Would you recommend using DataCamp to other people who need to help teach their colleagues? Why?
Yeah, definitely! It makes R less intimidating. R is difficult, statistics are difficult, so at least we should try and make the exercises fun and rewarding! I found that creating my own set of exercises on DataCamp was really useful for when I gave trainings. And if you lack the time to develop your own exercises, you can still use sample exercises from other DataCamp courses with the Teach editor.
How has DataCamp been useful?
It has helped me introduce the tidyverse into my routines! As I mentioned earlier, tidyverse packages are built according to quite a different, "data-scientific" kind of logic. I needed to be able to get into that logic to really use them in a day-to-day manner. For instance, I had been aware of the existence of ggplot for a while, but when you know how to do things a certain way, it is hard to really change and adopt new workflows, even if they are more efficient in the long run. And teaching myself through DataCamp, I was able to practice these packages in a simple way, and then was able to use them in my day-to-day work. Just being aware that these packages existed wasn't enough—I had to really practice in order to make a change.
What skills have you been able to put to use that you first learned on DataCamp?
I've been learning dplyr from scratch, though now I use it in my everyday work and I show it to anyone coming to me asking for help with their own data. More generally, I use a lot of what I learned from various courses about the tidyverse (especially ggplot2 and tidyr) and also use techniques for development, from the course about functions for instance. I also liked the course about RStudio by Garrett Grolemund, which I thought was quite original. I have been using RStudio for quite a while, but there were some things in that course that I didn't know, and they enriched my use of RStudio.
Can you give an example of a cool project you're working on?
I've been working with Shiny a lot, and I think it quite changed the way I can share my work with people. As I mentioned earlier, some of the people I work with are really not into coding, and although it would be more efficient to teach them how to fish than to give them a fish, I have to find means to help them anyway. Shiny apps have been a great help in doing this, especially since the conglomerate of labs I'm part of have purchased a Shiny Pro Server license, so that I have been able to deploy my apps on the web.
One of them, for instance, is an app that helps people doing wavelet transforms. Some of my colleagues work on environmental time series or spatial series (along rivers, for instance), so they are interested in the ability to analyze them in a scale-related way. Wavelet transforms, as signal processing methods, provide results which are quite descriptive, so it is really helpful to be able to parameterize them through a Shiny app, to zoom in on some details and so on.
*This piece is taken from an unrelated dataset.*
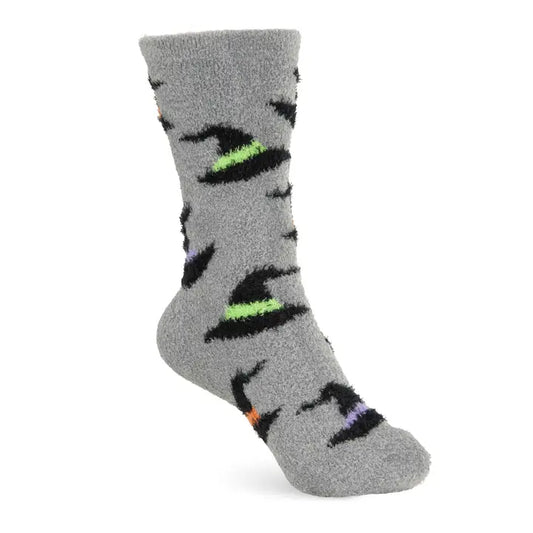Amanda Blu Halloween Fuzzy Socks-Witches Hats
I also made an app that that helps people produce graphics. They upload their datasets and then they can generate and parameterize ggplot commands through the Shiny app. Actually, the app provides not only the graphic but also provides the command lines that produce it, so I hope providing this app isn't too contradictory with the fact that I am also trying to teach people how to use R and ggplot2 themselves! Anyway, it can be useful to people who are not used to R and who have no special wish to learn it (and although I find this really unsettling, I have learned to accept and respect their choice!).
What advice do you have on people just starting out?
Not to be afraid to spend some time on it. I usually don't teach R to students, but rather to my colleagues, and in a way they are the most difficult of course attendees because they want to be efficient right afterwards. But however you do it, it takes some time to really be able to do data science in an efficient way. My first advice would be not to be too impatient because the time you invest in learning and practicing your R-skills is never lost!